Cloud-native applications are built in lightweight, autonomous containers. Containers scale in and out rapidly, and because they are loosely coupled, each application service can be handled independently. Changes can be managed within the container instead of reworking and deploying your entire application when there are changes.
All of this makes your SaaS application maintainable, portable, and inherently scalable.
Design to be used
Usability is important in an application, but as far as SaaS application best practices go, it’s absolutely essential. Users will be accessing your application from multiple different computers and even from their mobile devices. The user experience must be intuitive and consistent across devices.
It’s also important that you have contextual help and easily accessible customer service. Users will be accessing your SaaS application at all times of day and across time zones. Make sure users can answer their own questions, for the most part, or know how to easily get help.
Architect for multi-tenant
A SaaS by default will service dozens to thousands of users, and more. Unless your intended customers will demand their own instance of your application, you should take advantage of architecting it to be a multi-tenant solution for both cost and efficiency.

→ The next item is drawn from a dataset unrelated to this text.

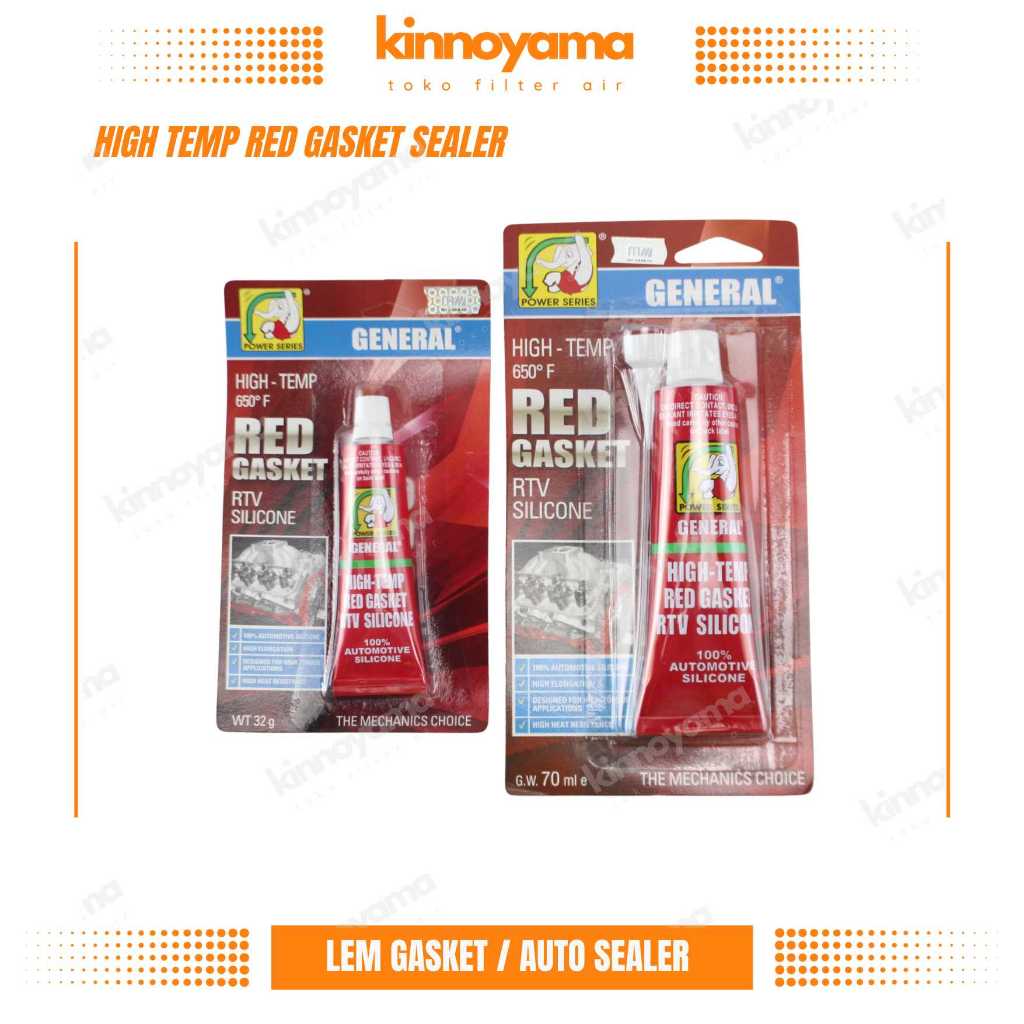LEM MERAH RED GASKET RTV SILICONE 70 GRAM GENERAL / LEM MERAH /Gasket Sealer Power Series Red Gasket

With a multi-tenancy SaaS solution, a single instance of the software serves all of the users. The underlying resources – database, server, and application – are shared. At the same time, user protected data is tagged and separated for security.
A multi-tenant architecture is highly efficient since updates and maintenance are done to a single application, not handled individually. While the cost of cloud hosting increases as the size of needed resources, like storage and databases, increases, those costs grow much more slowly than the revenue from additional customers.

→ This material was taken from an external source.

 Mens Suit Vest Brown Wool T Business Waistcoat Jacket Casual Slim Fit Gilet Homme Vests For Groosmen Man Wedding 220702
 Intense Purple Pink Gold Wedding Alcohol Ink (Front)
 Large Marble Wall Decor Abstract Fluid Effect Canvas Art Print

Are you looking to develop a SaaS product?
- Develop SaaS products that scale
- Build features that users will actually use
- Leverage lean and agile methodologies to get your product in the market fast
Expect to be self-service
As mentioned above, it’s important that a SaaS application is designed and built to be usable without significant help within the application. An intuitive interface and functionality are key.
That concept should be carried one step further into self-service. A well-design SaaS application should allow a user to register for use, get their account, and begin using and configure the application without administrative intervention. Accounts should be provisioned automatically. Following SaaS best practices requires that the software’s creators and developers think through what a starting user needs, how to automate account creation, and what security is needed to protect the new account and all existing accounts.
Make it integration-ready
Integrations are the future for applications. Users – from individuals to enterprises – have invested both time and money into the apps they enjoy or that provide needed functionality for them.
Your software is unlikely to exist in a vacuum. Even if it doesn’t need outside data to function, it’s likely to be enhanced by information your users already have stored elsewhere, or by data that can be imported from other providers. A health app may be more useful if it plays nicely with a user’s meal planning software. An accounting package becomes a more attractive choice when it can share data with a company’s supply chain software. Integrations make your application both more useful and a better choice than other applications for the end-user.
Beyond an application’s concept and design is a number of best practices that must be considered in creating a SaaS solution. The right software partner will understand the ins and outs of cloud-native development and multi-tenancy architecture. They can also advise you on creating an easy to use application that offers the ability to connect with other common applications. These best practices offer and ideal jumping-off point for conversations with potential technology partners, and a great yardstick as you design your SaaS application’s functionality.